Invités : Chloë Cailleton (voix), Géraldine Laurent (saxophone alto).


Juin 2022. Studio Sextan La Fonderie, Malakoff.
Attention Fragile/L’autre distribution.
Disponible le 18 novembre.

    Les talents de compositrice de Leïla Olivesi ne sont plus à prouver. Après Utopia (2015), la Suite Andamane (2019) distinguée par l’Académie Charles Cros vint confirmer l’opinion des observateurs attentifs de la scène parisienne sur la pianiste franco-mauritanienne : nous avions affaire à une « architecte musicienne » pour reprendre l’expression d’un expert (Vincent Bessières).

 

    C’est à nouveau avec un grand ensemble que Leïla Olivesi nous propose aujourd’hui « ASTRAL ». Si l’on fait abstraction d’une œuvre de Mary Lou Williams, grande inspiratrice de la pianiste (Scorpio), nous sommes en présence de compositions personnelles et originales. « Un jazz acoustique contemporain de très haut niveau », apprécie dans le livret le pianiste américain Geoffrey Keezer. Dérogeant au classique thème-improvisations, le grand ensemble nous prend par la main pour découvrir des contrées surprenantes, chacun des interprètes apportant son écot à ces œuvres collectives séduisantes. Réussir à marier modernité et classicisme, c’est le pari relevé haut la main par Leïla Olivesi.
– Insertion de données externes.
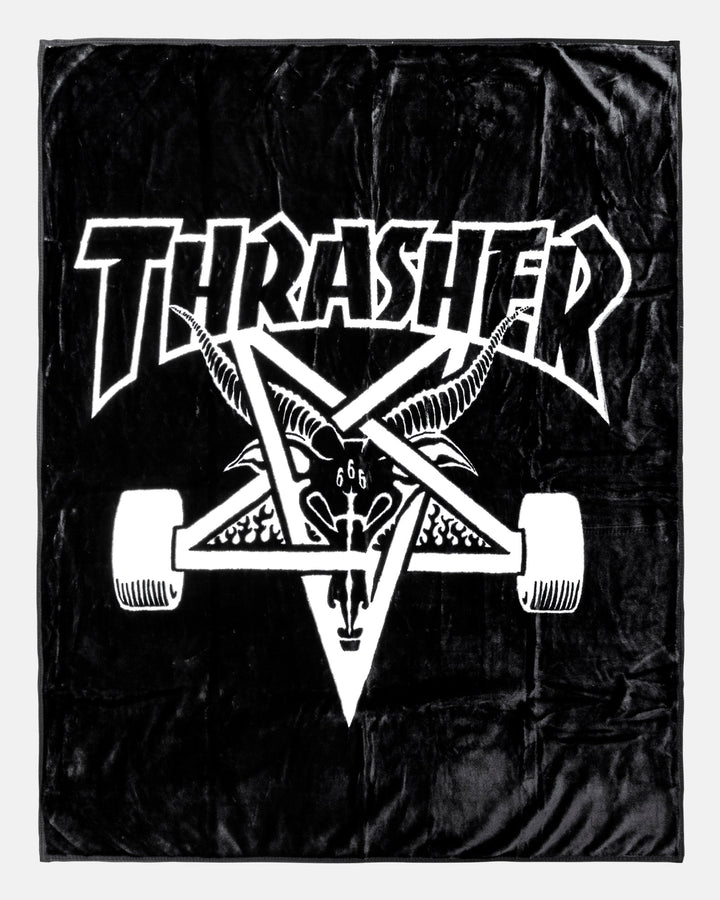 Thrasher Skategoat Blanket - Black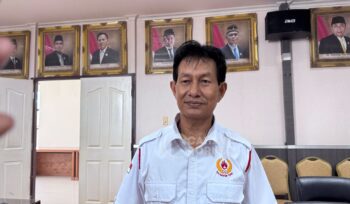 Foto: Ketua Komite Olahraga Nasional Indonesia (KONI) Kabupaten Penajam Paser Utara (PPU), Arpan (Dok. CahayaBorneo/DMS)
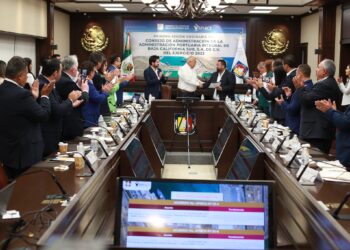VCC encabezó Primera Sesión del Consejo de Administración de la APIBCS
    Nous garderons pour la fin, en guise de couronnement, l’hommage rendu à Claude Carrière, auquel la liait une passion pour le Duke : une ‘’Missing CC Suite’’ en deux parties (Portrait, Missing CC) qui donne à entendre mouvements d’ensemble et solos de saxophones (Jean-Charles Richard, Baptiste Herbin), trompette (Quentin Ghomari) et de la pianiste-compositrice elle-même invitant à la rêverie sans oublier le swing. Un régal vivement conseillé !

 

    Jean-Louis Lemarchand.

 

    En concert le 1er février 2023 au Bal Blomet (75015) ; Leïla Olivesi participe au festival Pianorama aux Bouffes du Nord (Paris) le 20 novembre.